Monsieur le Voïvode,

Mesdames et Messieurs,

Permettez-moi tout d'abord, Monsieur le Voïvode, de vous remercier pour la chaleur de votre accueil et vos paroles de bienvenue. Mon épouse et moi-même y avons été très sensibles.

En venant dans votre voïvodie, je mesure tout ce qui fait la grandeur de la Pologne.

J'y admire une ville et une région magnifiques ; une ville dont l'histoire prestigieuse se lit, comme à Paris, dans la pierre de ses bâtiments, dans son architecture et ses inestimables trésors qui constituent notre patrimoine culturel européen commun ; une ville dont la noblesse et la richesse sont un symbole de cette Pologne, soeur de la France.

Il y a quatre ans, j'étais alors Maire de Paris, je remettais à la jeune et brillante équipe de Cracovie le prix du concours " Contes et Légendes ". A travers ces récits traditionnels d'une région millénaire, s'exprime l'identité de votre nation.

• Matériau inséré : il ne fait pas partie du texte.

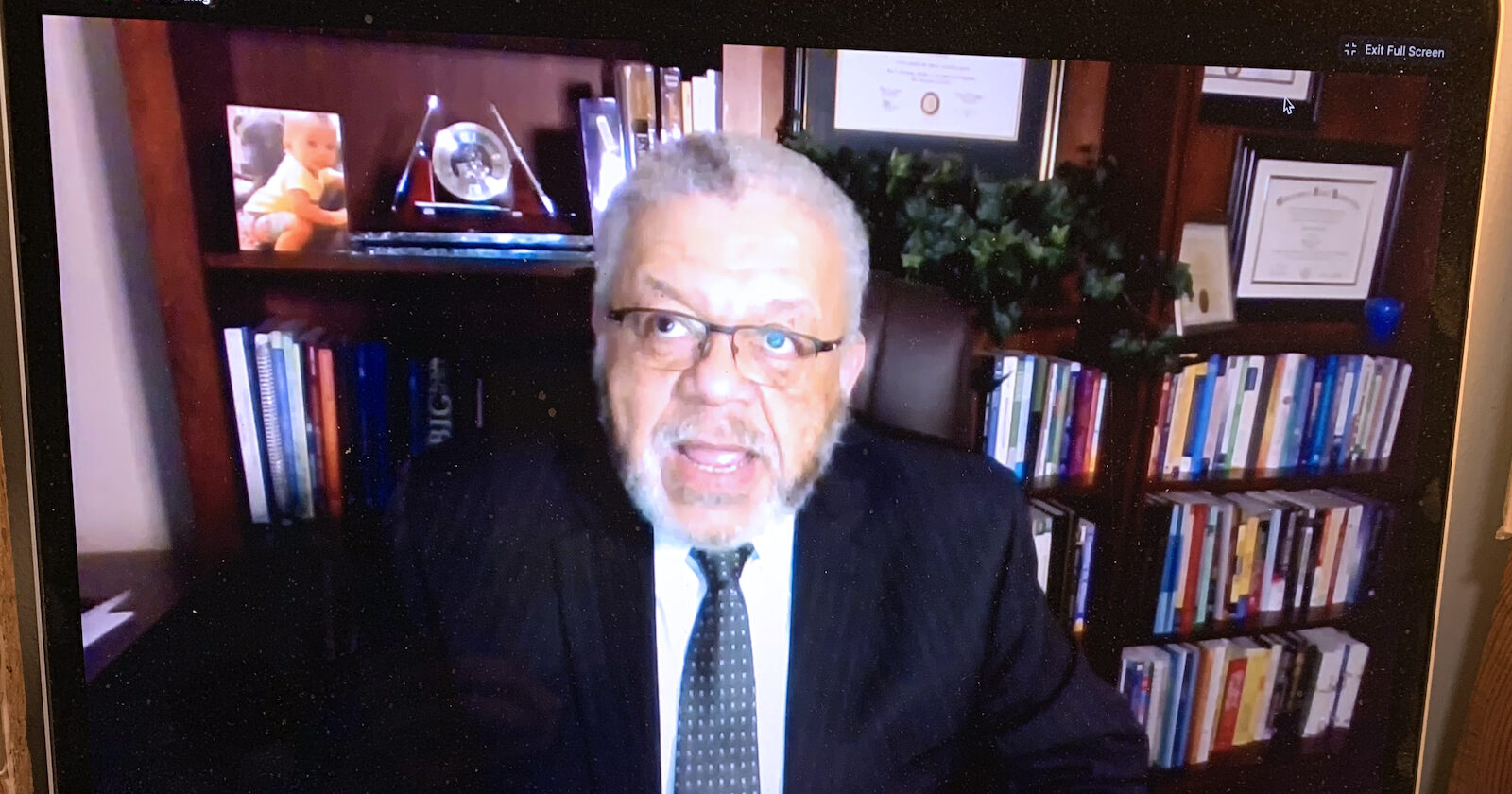 Police Commissioner Charles Ramsey on computer screen talking during event on police reform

Cette identité, je la retrouve aujourd'hui, ardente, inébranlable, éternelle. Comment n'être pas ému à l'écoute de cette "mélopée lente et lugubre", pour reprendre les mots de Pierre LOTI, mélopée douloureuse rappelant, du haut de l'Eglise Notre-Dame, les invasions meurtrières auxquelles, souvent, vos anciens dûrent faire face mais dont, toujours, ils surent se relever ?

Ici, dans la région de Cracovie, dans cette majestueuse Cathédrale de Wawel, veillent et reposent les grands hommes de la Pologne. Ici réside l'âme polonaise.

Oui, Monsieur le Voïvode, des vents puissants, ceux de l'Esprit et de l'Histoire, soufflent sur votre région.

Cracovie incarne cet esprit de résistance auquel nous, Français, restons profondément attachés. C'est de Cracovie que partit, en 1794, la grande insurrection patriotique de KOSCIUSZKO, héros de la liberté pour la Pologne et pour le monde, et citoyen d'honneur de la France.

A quelques lieues d'ici, Auschwitz témoigne de la souffrance, de la mémoire et de l'espérance de l'humanité. La souffrance des millions d'êtres humains, et d'abord des juifs, qui, au plus sombre de l'Histoire, disparurent dans les camps. Le devoir de mémoire qui s'impose au monde. Et l'espérance que jamais, plus jamais, nulle part, ne s'accomplisse une telle horreur. L'espérance que l'emporte, un jour, partout, l'esprit de tolérance et de paix.

C'est enfin chez vous, à Cracovie, qu'il y a mille ans, nos deux peuples tissaient leurs premiers liens d'amitié. Et en venant dans votre voïvodie, j'ai souhaité marquer l'ancienneté, la force et l'intensité de la relation qui unit la France et la Pologne.

Ici, eurent lieu les premiers échanges entre nos deux nations. Ici, dès le Xème siècle, les bénédictins de Cluny ouvrirent des monastères. Ici, en 1050, l'un de leurs prieurs, le Français Haron, fut nommé Evêque de Cracovie. Dans le même temps, de nombreux prélats polonais séjournèrent en France. La plus marquante de ces visites restera, sans doute, celle de l'Evêque Stanislas qui, pendant sept ans, fréquenta la Sorbonne.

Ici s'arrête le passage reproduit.